START Dataset records

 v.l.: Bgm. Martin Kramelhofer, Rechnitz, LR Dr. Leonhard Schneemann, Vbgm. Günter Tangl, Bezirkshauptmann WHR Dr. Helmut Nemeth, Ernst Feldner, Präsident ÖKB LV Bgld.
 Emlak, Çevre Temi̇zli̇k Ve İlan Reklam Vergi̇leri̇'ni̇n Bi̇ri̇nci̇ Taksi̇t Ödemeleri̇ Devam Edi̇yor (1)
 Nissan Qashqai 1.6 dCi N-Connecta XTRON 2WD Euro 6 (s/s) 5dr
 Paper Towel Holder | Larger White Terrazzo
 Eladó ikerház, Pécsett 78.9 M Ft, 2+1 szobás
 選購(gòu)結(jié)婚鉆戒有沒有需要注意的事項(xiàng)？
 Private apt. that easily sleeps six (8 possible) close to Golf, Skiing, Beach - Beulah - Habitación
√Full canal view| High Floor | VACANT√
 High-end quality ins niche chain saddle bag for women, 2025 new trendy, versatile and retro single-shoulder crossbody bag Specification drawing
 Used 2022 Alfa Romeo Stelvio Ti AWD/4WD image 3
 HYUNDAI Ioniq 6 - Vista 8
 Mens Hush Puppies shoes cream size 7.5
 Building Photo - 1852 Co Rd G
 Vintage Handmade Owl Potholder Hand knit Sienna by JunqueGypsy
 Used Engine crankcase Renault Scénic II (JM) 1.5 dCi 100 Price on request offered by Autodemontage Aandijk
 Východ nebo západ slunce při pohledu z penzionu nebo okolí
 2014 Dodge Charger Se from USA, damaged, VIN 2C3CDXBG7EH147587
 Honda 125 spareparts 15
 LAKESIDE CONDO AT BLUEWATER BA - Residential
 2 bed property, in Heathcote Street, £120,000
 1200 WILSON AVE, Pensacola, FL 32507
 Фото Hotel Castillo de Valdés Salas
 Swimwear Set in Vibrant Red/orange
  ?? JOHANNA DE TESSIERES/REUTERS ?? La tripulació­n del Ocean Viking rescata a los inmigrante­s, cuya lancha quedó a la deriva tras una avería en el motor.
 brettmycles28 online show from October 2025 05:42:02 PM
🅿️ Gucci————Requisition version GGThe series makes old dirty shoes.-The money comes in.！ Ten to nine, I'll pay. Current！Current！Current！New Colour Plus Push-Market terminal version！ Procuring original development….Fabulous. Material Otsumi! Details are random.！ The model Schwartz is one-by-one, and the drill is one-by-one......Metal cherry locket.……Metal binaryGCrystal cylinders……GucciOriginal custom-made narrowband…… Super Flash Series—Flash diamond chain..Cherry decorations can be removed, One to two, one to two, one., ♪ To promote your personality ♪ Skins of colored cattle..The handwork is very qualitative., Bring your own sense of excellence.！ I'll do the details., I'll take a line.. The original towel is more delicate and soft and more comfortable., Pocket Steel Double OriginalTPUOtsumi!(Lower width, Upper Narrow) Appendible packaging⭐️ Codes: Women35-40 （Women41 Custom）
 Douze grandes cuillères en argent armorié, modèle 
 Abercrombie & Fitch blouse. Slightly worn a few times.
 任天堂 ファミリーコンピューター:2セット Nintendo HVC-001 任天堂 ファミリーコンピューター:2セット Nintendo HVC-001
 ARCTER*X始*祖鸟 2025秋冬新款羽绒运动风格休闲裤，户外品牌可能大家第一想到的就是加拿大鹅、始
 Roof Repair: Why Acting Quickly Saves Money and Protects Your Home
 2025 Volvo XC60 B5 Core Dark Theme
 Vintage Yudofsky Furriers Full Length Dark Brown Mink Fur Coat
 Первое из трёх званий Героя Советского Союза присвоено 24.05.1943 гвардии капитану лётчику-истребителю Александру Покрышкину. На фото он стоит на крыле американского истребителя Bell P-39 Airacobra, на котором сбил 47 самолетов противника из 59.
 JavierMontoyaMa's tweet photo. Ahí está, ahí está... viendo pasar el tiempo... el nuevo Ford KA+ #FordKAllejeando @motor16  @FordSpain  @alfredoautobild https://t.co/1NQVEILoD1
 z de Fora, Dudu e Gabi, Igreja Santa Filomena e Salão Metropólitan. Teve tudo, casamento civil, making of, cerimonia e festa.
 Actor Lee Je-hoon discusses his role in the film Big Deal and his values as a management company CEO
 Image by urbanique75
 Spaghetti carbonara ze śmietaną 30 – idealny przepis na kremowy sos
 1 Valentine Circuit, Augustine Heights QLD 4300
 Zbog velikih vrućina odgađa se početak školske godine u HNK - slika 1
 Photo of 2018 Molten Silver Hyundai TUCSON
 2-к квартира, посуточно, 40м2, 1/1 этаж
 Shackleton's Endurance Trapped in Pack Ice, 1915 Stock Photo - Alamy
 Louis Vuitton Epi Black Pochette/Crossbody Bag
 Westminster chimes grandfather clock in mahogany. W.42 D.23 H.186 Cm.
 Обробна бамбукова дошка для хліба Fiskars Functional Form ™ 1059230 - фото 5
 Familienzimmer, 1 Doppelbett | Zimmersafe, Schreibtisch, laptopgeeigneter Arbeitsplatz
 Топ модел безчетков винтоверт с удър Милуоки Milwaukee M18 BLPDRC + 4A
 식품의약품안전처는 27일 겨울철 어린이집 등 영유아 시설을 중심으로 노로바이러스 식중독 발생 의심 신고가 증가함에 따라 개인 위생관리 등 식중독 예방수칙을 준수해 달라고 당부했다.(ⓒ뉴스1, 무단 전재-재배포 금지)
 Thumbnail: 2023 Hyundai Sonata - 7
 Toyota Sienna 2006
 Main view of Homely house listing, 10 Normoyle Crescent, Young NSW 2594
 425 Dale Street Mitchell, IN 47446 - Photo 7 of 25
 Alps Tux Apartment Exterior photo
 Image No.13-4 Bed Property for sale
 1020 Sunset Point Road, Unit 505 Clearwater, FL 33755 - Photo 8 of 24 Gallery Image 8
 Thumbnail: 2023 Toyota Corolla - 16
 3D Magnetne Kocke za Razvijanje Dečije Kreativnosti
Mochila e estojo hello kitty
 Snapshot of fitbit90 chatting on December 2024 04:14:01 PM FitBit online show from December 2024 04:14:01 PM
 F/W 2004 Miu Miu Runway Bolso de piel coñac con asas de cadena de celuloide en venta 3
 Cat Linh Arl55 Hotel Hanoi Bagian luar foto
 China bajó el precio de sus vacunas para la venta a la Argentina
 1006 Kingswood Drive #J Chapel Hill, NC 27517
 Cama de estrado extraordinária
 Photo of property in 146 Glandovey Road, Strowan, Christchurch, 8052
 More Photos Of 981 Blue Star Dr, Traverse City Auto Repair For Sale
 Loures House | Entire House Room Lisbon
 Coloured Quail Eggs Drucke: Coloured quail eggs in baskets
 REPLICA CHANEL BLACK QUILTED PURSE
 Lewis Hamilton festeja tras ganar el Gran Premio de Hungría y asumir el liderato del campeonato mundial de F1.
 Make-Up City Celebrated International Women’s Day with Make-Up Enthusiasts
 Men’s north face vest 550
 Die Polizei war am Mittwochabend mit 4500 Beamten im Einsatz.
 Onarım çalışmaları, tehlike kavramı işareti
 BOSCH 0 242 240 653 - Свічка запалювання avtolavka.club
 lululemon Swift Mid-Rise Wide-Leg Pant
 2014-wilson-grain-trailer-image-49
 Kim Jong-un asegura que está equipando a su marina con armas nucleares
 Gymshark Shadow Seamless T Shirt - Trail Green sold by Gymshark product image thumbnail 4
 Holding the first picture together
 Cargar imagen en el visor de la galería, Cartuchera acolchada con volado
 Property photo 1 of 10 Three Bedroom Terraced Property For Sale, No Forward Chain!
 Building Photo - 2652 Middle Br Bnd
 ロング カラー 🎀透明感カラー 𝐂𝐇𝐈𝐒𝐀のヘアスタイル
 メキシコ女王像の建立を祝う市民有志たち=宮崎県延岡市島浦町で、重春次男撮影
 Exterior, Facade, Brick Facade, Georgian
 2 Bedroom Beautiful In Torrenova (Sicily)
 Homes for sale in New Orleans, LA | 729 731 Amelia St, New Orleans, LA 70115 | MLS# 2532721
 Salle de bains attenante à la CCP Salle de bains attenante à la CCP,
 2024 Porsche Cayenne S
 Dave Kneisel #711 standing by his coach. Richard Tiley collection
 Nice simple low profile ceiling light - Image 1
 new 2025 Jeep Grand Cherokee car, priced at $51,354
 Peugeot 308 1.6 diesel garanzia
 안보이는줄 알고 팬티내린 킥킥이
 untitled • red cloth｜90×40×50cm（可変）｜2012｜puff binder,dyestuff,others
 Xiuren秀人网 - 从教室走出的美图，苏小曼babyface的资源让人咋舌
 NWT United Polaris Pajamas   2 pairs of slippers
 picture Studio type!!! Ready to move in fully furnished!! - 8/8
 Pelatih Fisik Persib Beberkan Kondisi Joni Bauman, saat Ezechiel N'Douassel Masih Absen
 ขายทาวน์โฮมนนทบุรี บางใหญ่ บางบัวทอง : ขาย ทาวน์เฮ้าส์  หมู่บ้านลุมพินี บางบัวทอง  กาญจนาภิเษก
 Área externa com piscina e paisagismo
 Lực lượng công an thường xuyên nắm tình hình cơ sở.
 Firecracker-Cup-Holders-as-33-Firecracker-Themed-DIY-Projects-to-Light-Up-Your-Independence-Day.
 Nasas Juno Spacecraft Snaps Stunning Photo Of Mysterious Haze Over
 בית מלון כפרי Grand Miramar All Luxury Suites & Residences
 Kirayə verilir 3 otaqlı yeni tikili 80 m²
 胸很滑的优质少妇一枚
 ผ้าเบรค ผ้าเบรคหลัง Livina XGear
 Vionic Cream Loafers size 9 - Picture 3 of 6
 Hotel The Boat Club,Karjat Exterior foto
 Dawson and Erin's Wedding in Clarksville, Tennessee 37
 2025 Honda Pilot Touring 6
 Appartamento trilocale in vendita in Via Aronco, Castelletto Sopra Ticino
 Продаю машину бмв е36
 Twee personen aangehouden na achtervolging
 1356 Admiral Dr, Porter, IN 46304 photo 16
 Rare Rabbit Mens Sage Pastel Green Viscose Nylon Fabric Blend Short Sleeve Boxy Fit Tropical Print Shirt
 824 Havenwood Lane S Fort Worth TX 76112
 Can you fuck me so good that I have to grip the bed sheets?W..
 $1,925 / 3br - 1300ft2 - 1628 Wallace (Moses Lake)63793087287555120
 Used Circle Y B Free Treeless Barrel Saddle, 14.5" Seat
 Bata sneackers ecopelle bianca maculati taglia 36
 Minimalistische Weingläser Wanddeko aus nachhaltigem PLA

END Dataset records

Problem to solve - Among the entries above, find the line with "2025 Volvo XC60 B5 Core Dark Theme" and the line with "425 Dale Street"; give again exactly these two lines and all lines between them.

Response area -
 2025 Volvo XC60 B5 Core Dark Theme
 Vintage Yudofsky Furriers Full Length Dark Brown Mink Fur Coat
 Первое из трёх званий Героя Советского Союза присвоено 24.05.1943 гвардии капитану лётчику-истребителю Александру Покрышкину. На фото он стоит на крыле американского истребителя Bell P-39 Airacobra, на котором сбил 47 самолетов противника из 59.
 JavierMontoyaMa's tweet photo. Ahí está, ahí está... viendo pasar el tiempo... el nuevo Ford KA+ #FordKAllejeando @motor16  @FordSpain  @alfredoautobild https://t.co/1NQVEILoD1
 z de Fora, Dudu e Gabi, Igreja Santa Filomena e Salão Metropólitan. Teve tudo, casamento civil, making of, cerimonia e festa.
 Actor Lee Je-hoon discusses his role in the film Big Deal and his values as a management company CEO
 Image by urbanique75
 Spaghetti carbonara ze śmietaną 30 – idealny przepis na kremowy sos
 1 Valentine Circuit, Augustine Heights QLD 4300
 Zbog velikih vrućina odgađa se početak školske godine u HNK - slika 1
 Photo of 2018 Molten Silver Hyundai TUCSON
 2-к квартира, посуточно, 40м2, 1/1 этаж
 Shackleton's Endurance Trapped in Pack Ice, 1915 Stock Photo - Alamy
 Louis Vuitton Epi Black Pochette/Crossbody Bag
 Westminster chimes grandfather clock in mahogany. W.42 D.23 H.186 Cm.
 Обробна бамбукова дошка для хліба Fiskars Functional Form ™ 1059230 - фото 5
 Familienzimmer, 1 Doppelbett | Zimmersafe, Schreibtisch, laptopgeeigneter Arbeitsplatz
 Топ модел безчетков винтоверт с удър Милуоки Milwaukee M18 BLPDRC + 4A
 식품의약품안전처는 27일 겨울철 어린이집 등 영유아 시설을 중심으로 노로바이러스 식중독 발생 의심 신고가 증가함에 따라 개인 위생관리 등 식중독 예방수칙을 준수해 달라고 당부했다.(ⓒ뉴스1, 무단 전재-재배포 금지)
 Thumbnail: 2023 Hyundai Sonata - 7
 Toyota Sienna 2006
 Main view of Homely house listing, 10 Normoyle Crescent, Young NSW 2594
 425 Dale Street Mitchell, IN 47446 - Photo 7 of 25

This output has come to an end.